---- Task input

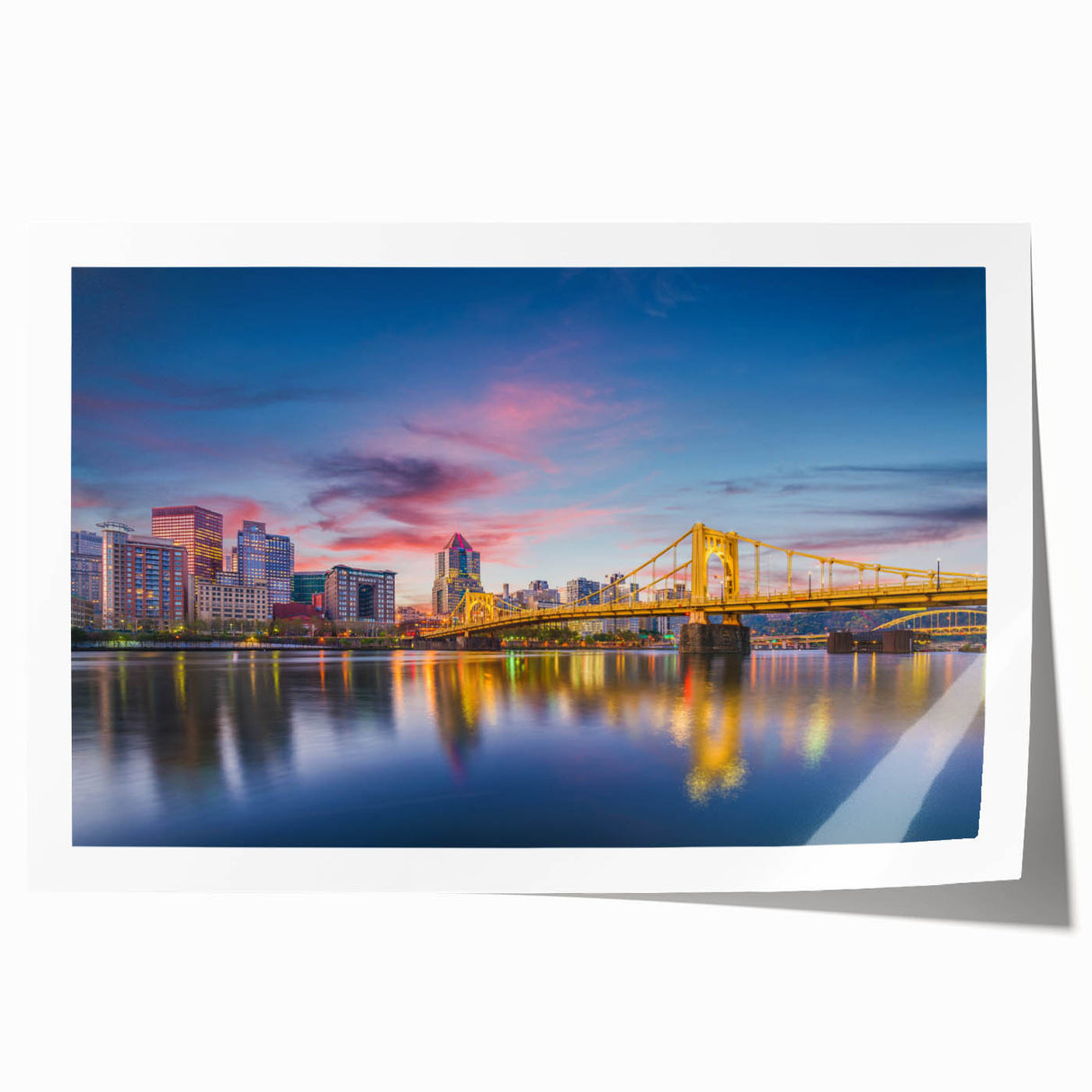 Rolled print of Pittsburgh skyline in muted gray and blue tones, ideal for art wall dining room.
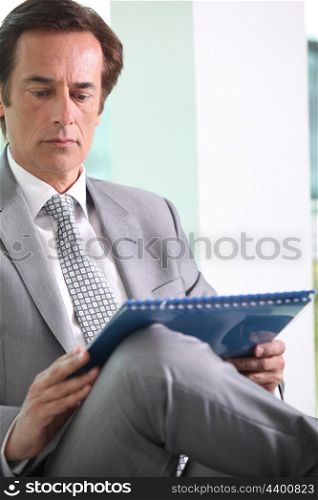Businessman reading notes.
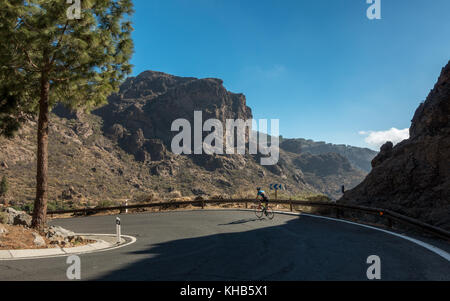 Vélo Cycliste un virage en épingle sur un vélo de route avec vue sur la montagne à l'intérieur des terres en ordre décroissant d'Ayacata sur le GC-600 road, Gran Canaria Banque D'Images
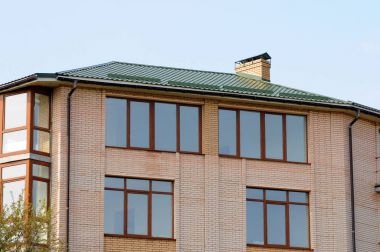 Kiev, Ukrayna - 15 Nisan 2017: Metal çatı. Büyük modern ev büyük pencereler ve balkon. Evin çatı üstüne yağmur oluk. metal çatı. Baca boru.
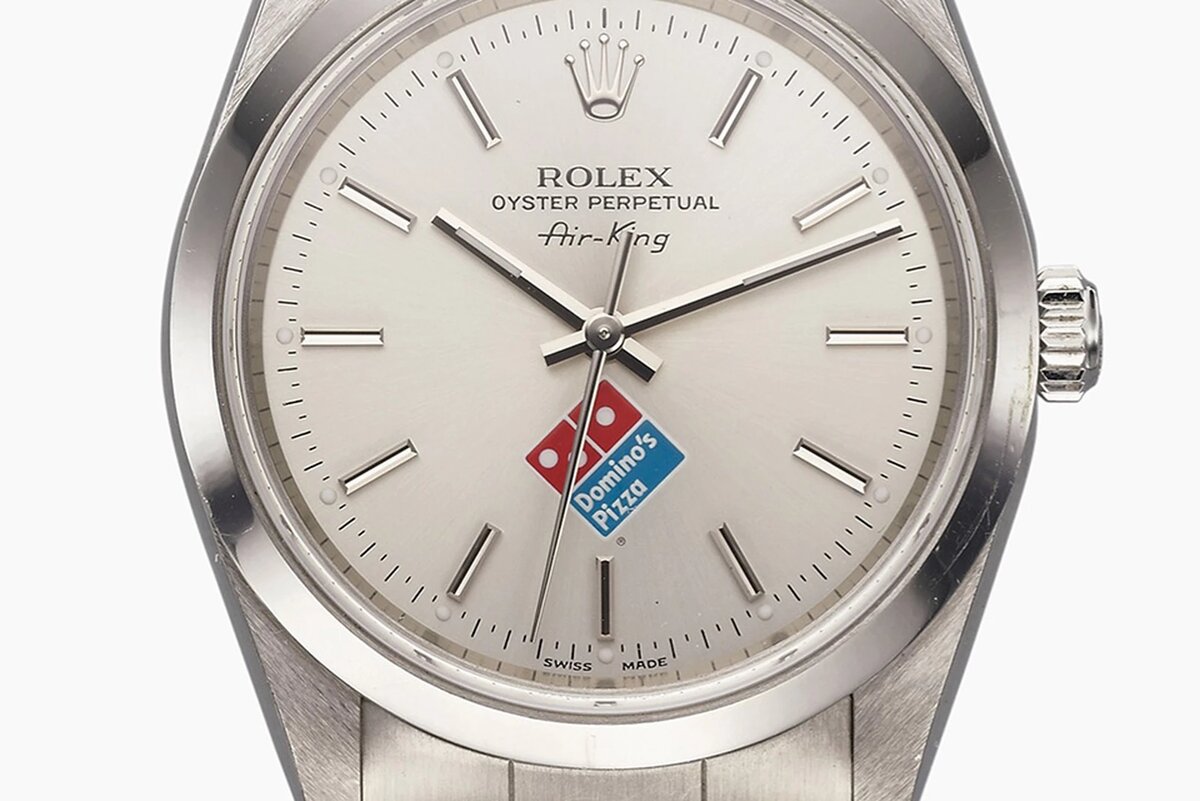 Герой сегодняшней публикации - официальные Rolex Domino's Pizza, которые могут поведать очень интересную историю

--------

Directions for this task => Excluding all pictures, output exactly the lines from the line containing "Kiev, Ukrayna - 15" through the last line of the entries above.

Response below =>
 Kiev, Ukrayna - 15 Nisan 2017: Metal çatı. Büyük modern ev büyük pencereler ve balkon. Evin çatı üstüne yağmur oluk. metal çatı. Baca boru.
 Герой сегодняшней публикации - официальные Rolex Domino's Pizza, которые могут поведать очень интересную историю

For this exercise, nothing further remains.